DATASET EXTRACT ->
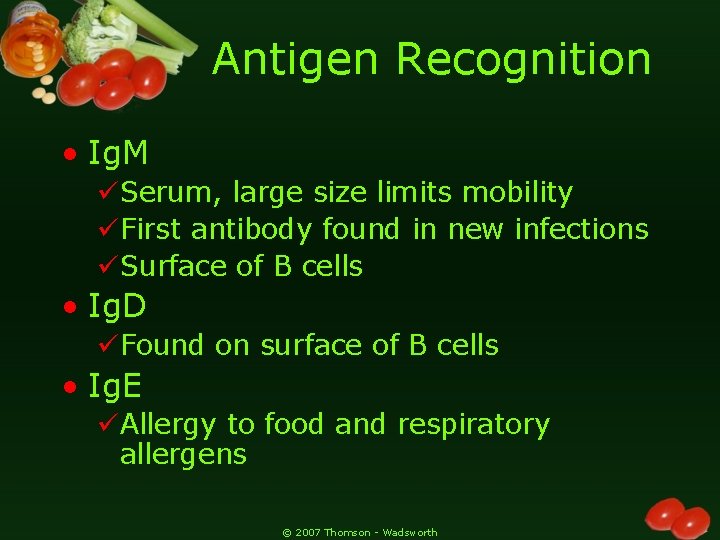 Antigen Recognition • Ig. M üSerum, large size limits mobility üFirst antibody found in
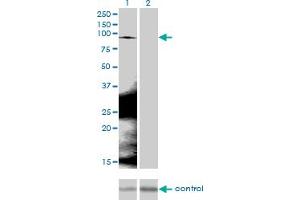 Image no. 4 for anti-Catenin (Cadherin-Associated Protein), beta 1, 88kDa (CTNNB1) (AA 682-781) antibody (ABIN514758)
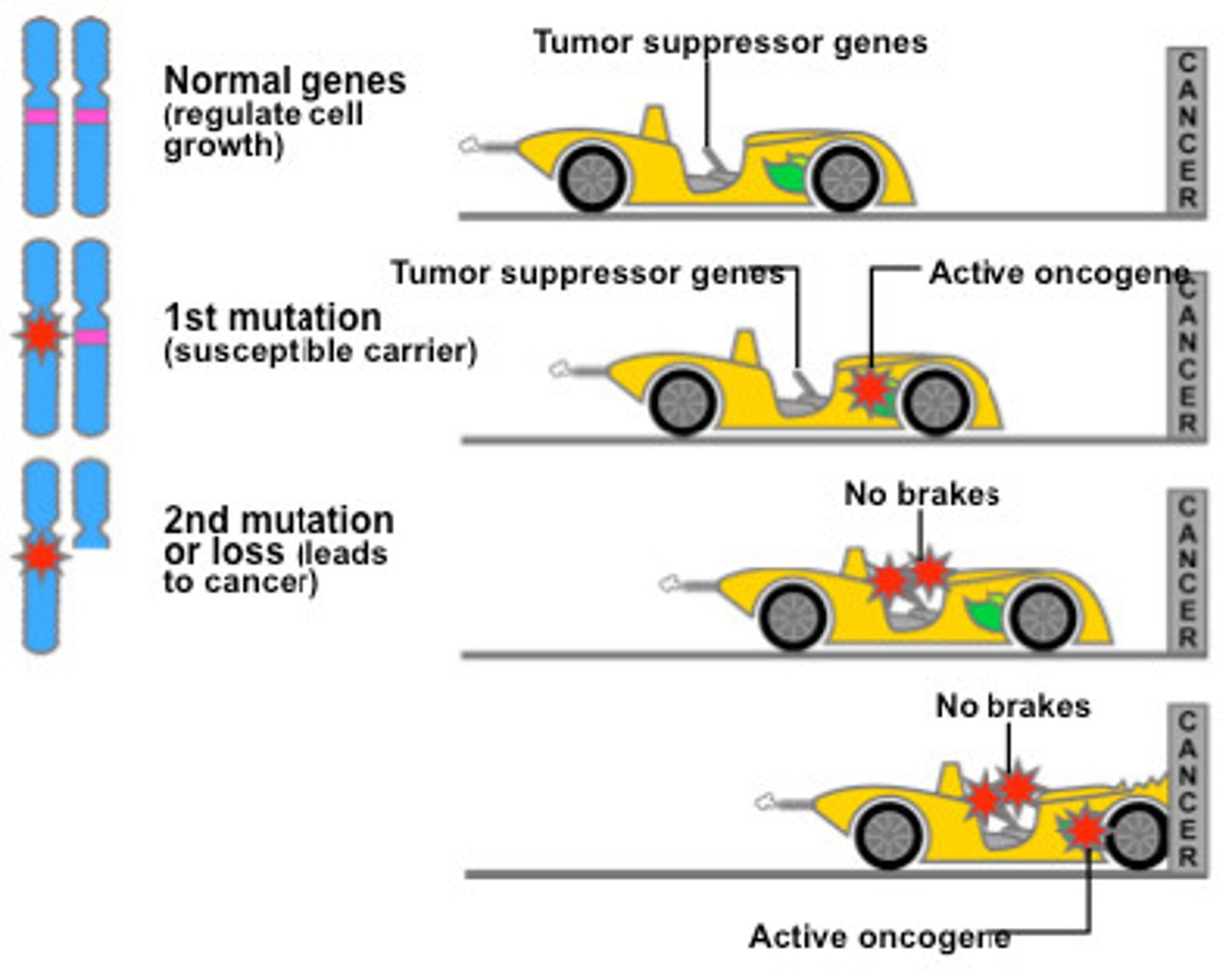 <p>Tumor suppressor genes produce protein enzymes that either halt the cell cycle and/or promote apoptosis (decreasing or halting cell growth/division).</p><p>Proto-oncogenes are the opposite in that they produce proteins that enhance or promote cell growth/division.</p>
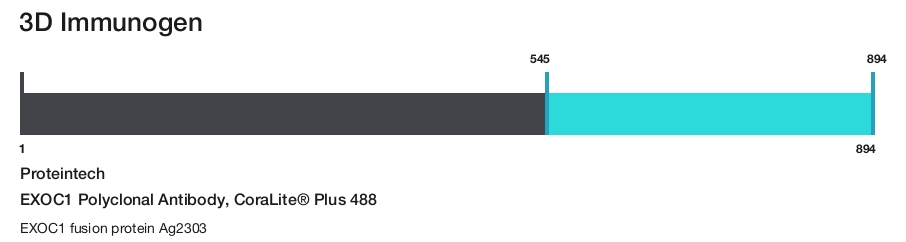 EXOC1 Polyclonal Antibody, CoraLite&reg; Plus 488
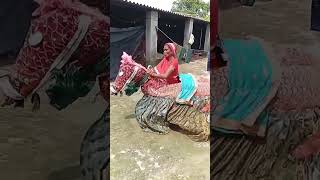 ढोलक डफली डांस dance dholak music harmoniyam harmuniyam song tabla viralvideo bhojpuri [upl. by Nitsid]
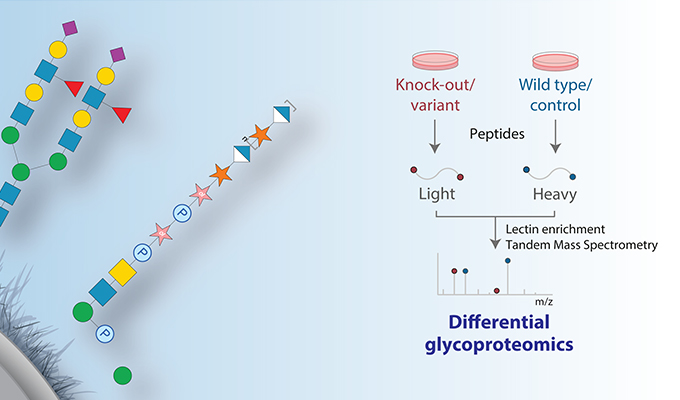Developing glycoproteomics and glycoengineering approaches to investigate protein glycosylation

PROBLEM REQUIREMENTS ->
Output each record above exactly as written. Skip any pictures.

EXERCISE RESPONSE ->
 Antigen Recognition • Ig. M üSerum, large size limits mobility üFirst antibody found in
 Image no. 4 for anti-Catenin (Cadherin-Associated Protein), beta 1, 88kDa (CTNNB1) (AA 682-781) antibody (ABIN514758)
 <p>Tumor suppressor genes produce protein enzymes that either halt the cell cycle and/or promote apoptosis (decreasing or halting cell growth/division).</p><p>Proto-oncogenes are the opposite in that they produce proteins that enhance or promote cell growth/division.</p>
 EXOC1 Polyclonal Antibody, CoraLite&reg; Plus 488
 ढोलक डफली डांस dance dholak music harmoniyam harmuniyam song tabla viralvideo bhojpuri [upl. by Nitsid]
Developing glycoproteomics and glycoengineering approaches to investigate protein glycosylation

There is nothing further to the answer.